Taken together, those sentiments against personal revelation or discussion of craft go a long way toward explaining the dry breeziness of And Furthermore, which amounts to little more than an extensive, lightly annotated résumé of Dench’s illustrious decades-long career onstage and in television and film. It’s exhaustive in its thoroughness about titles, roles, theaters, and co-stars—the latter often reeled off in programmatic who-played-what lists—but personal insight is rare. Dench tells plenty of anecdotes, particularly about her stage days, but they’re often no more than a frustratingly oblique sentence or two. The title page credits the book to “Judi Dench as told to John Miller,” and the contents do read like dictation, with stories told in breathless run-ons that offer a sense of cheer and good humor without necessarily letting readers in on the jokes: One complete story about her ’70s appearance in The Merchant Of Venice runs: “I had this idea of a wig for Portia with lots of curls, and John Neville came one night, I had not seem him for years, and he knocked at my dressing room, put his head round the door and just said, ‘Hello, Bubbles,’ that was all he said, and quite right too.”
While And Furthermore sticks to the shallows in its look at Dench’s life—she explains in the preface that the book is only intended to fill the gaps left by Miller’s several other books about her—it does get across a sense of her actual voice, a brisk, classy, distinctly upper-crust British tone that implies a great deal of laughter and joy reserved mostly for expression among a few close family and friends. She hints at that humor in her brief stories about pranks and in-jokes during theater productions, and similarly hints at a deeper inner life by occasionally admitting she enjoyed being in a particular play, or got excited while riding in a helicopter for one of her roles as M in the James Bond franchise.
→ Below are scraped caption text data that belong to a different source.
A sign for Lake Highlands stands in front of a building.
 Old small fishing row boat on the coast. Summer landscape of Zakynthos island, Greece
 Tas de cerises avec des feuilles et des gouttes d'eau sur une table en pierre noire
But mostly, And Furthermore is a book-length illustration of another of Dench’s moments of asperity toward the press, in which a paparazzo follows her to photograph her shopping and eating lunch: “I don’t see how that is interesting, for one thing,” she sighs, “and I really don’t think that is anybody else’s business.” With all deference to her fascinating career and her inimitable presence onscreen, her attitude that no one should find her life interesting contributes mightily toward her making it seem much less interesting.